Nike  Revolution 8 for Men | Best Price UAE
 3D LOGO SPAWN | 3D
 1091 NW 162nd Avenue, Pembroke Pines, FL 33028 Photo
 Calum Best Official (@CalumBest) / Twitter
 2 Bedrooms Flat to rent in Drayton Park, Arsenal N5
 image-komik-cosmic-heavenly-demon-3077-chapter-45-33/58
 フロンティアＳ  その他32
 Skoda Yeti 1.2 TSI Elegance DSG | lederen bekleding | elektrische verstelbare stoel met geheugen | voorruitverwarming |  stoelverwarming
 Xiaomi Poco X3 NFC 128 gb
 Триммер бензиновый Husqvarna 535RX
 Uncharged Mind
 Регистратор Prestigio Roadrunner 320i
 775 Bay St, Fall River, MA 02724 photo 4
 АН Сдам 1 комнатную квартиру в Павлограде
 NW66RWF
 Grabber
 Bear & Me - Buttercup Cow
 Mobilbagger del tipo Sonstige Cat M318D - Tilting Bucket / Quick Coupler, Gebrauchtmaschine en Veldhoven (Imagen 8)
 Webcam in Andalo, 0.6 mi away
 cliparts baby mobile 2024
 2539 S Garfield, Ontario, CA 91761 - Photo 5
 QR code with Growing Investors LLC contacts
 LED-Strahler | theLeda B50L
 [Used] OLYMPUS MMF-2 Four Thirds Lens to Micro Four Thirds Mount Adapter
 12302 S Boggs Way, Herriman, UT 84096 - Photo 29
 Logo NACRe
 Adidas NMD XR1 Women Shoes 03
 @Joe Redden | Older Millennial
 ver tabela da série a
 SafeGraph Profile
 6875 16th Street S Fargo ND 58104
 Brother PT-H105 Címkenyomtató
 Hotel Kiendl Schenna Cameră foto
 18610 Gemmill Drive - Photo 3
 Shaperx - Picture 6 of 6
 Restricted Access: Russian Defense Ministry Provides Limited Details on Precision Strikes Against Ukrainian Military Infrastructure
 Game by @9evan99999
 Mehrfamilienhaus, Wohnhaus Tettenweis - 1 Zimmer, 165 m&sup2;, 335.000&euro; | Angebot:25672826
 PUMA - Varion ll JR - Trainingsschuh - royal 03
※ ※ ※
Task prompt: Search the listing for "Best" and show every line where it occurs.

Task result:
Nike  Revolution 8 for Men | Best Price UAE
 Calum Best Official (@CalumBest) / Twitter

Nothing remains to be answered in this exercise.